Cold fission or cold nuclear fission is defined as involving fission events for which fission fragments have such low excitation energy that no neutrons or gammas are emitted.
Cold fission events have so low a probability of occurrence that it is necessary to use a high-flux nuclear reactor to study them.
The importance of cold fission phenomena lies in the fact that fragments reaching detectors have the same mass that they obtained at the "scission" configuration, just before the attractive but short-range nuclear force becomes null, and only Coulomb interaction acts between fragments. After this, Coulomb potential energy is converted into fragments of kinetic energies, which—added to pre-scission kinetic energies—is measured by detectors.

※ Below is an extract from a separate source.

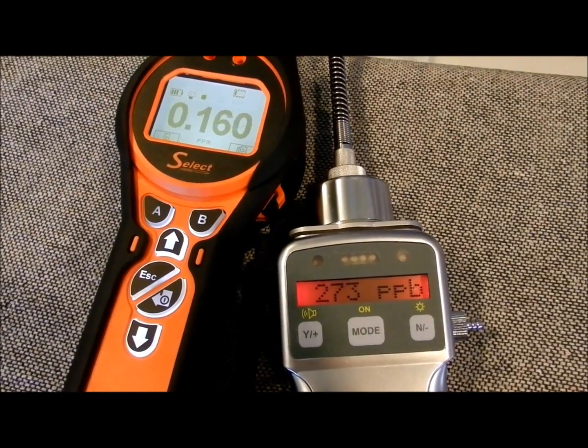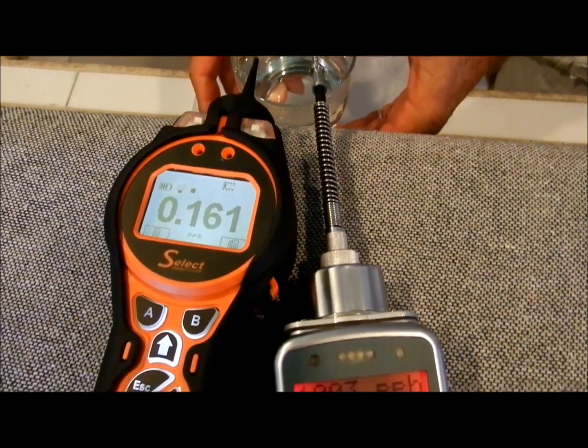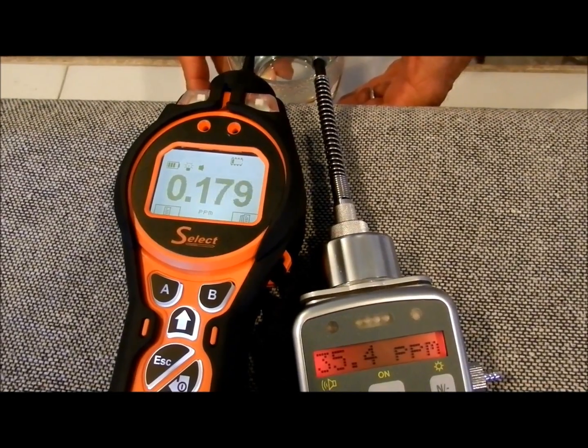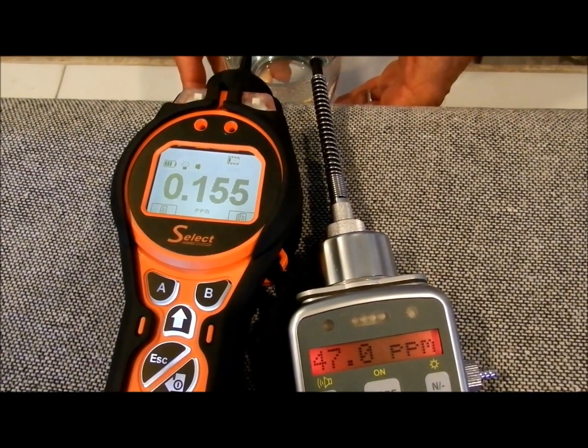You can see that the readings are roughly the same in indoor air, but when we apply water vapor to them, the readings on the PPB Ray shoot up, but the fence electrode on the Tiger Select keeps the readings in a reasonable range.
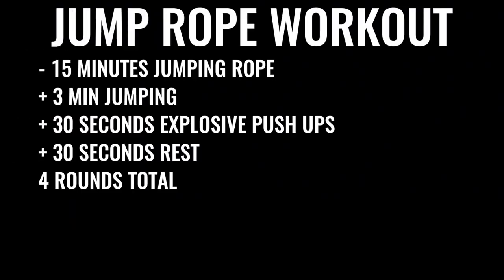You're going to start off by skipping rope for about 15 minutes. Give yourself three minutes of skipping nonstop, followed by 30 seconds of explosive push-ups, then 30 seconds of rest. Do that four times total, leaving off the last set of push-ups — so four sets of three minutes of jump rope and three sets of push-ups total.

The fact that cold fission preserves nuclear mass until the fission fragments reach the detectors permits the experimenter to better determine the fission dynamics, especially the aspects related to Coulomb and shell effects in low energy fission[9][10] and nucleon pair breaking. Adopting several theoretical assumptions about scission configuration one can calculate the maximal value of kinetic energy as a function of charge and mass of fragments and compare them to experimental results.
^Dorin N Poenaru, M. Ivascu, Walter Greiner "Unified approach of alpha-decay, heavy ion emission and
cold fission", Chapter 7 of thed book Particle Emission from Nuclei, Vol. III: Fission and Beta-Delayed Decay Modes (CRC Press, Boca Raton, Florida, 1989), pp. 203-235.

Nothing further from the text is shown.